• DATA FOR THIS TASK:
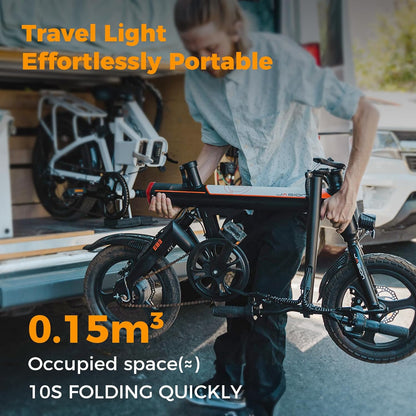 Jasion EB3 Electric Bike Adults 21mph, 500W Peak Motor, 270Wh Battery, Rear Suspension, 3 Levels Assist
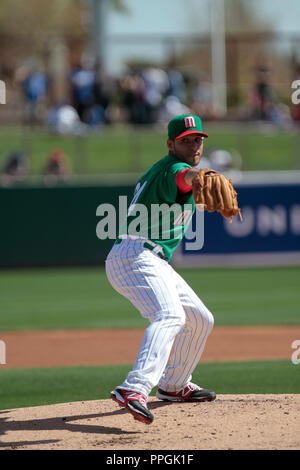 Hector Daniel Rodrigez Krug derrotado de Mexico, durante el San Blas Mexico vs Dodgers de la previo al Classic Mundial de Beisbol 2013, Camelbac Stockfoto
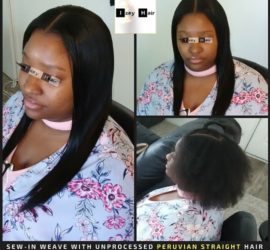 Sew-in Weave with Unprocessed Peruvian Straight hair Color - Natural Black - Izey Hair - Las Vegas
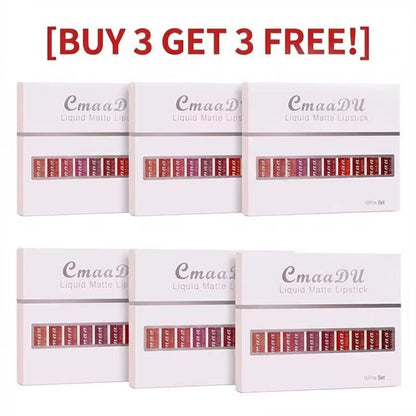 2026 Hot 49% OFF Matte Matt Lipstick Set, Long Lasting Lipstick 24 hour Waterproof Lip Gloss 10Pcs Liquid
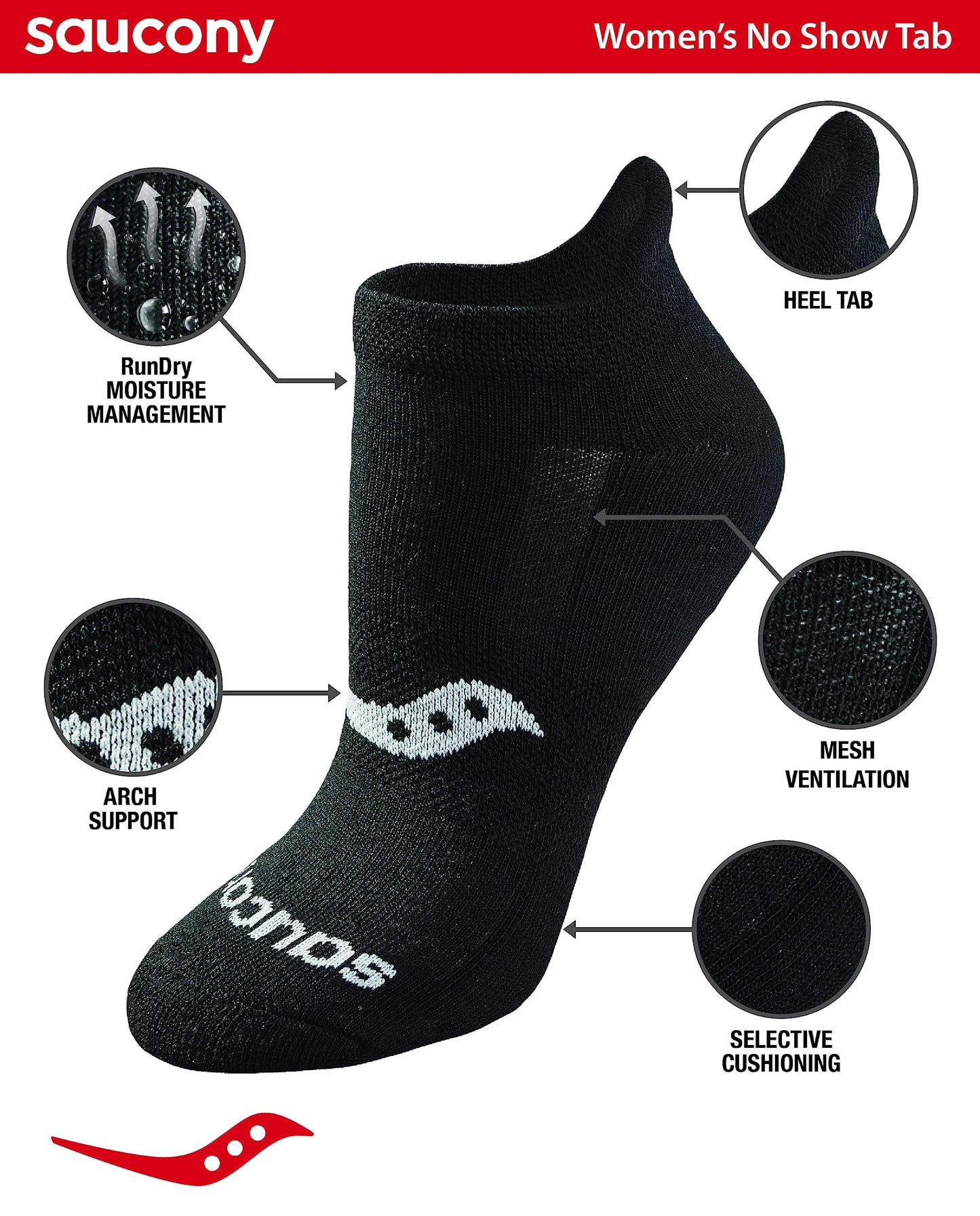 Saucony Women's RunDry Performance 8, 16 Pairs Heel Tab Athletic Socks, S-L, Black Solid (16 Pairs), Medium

--

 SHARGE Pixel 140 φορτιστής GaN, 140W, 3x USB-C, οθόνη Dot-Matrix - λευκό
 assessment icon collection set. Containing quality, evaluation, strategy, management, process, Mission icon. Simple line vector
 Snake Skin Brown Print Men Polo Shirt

• DIRECTIONS: What is needed is an exact copy of the lines above from the one with "Jasion EB3 Electric" to the one with "2026 Hot 49%", both ends kept, and nothing more; please leave the pictures out.

• OUTPUT FOR THIS TASK:
 Jasion EB3 Electric Bike Adults 21mph, 500W Peak Motor, 270Wh Battery, Rear Suspension, 3 Levels Assist
 Hector Daniel Rodrigez Krug derrotado de Mexico, durante el San Blas Mexico vs Dodgers de la previo al Classic Mundial de Beisbol 2013, Camelbac Stockfoto
 Sew-in Weave with Unprocessed Peruvian Straight hair Color - Natural Black - Izey Hair - Las Vegas
 2026 Hot 49% OFF Matte Matt Lipstick Set, Long Lasting Lipstick 24 hour Waterproof Lip Gloss 10Pcs Liquid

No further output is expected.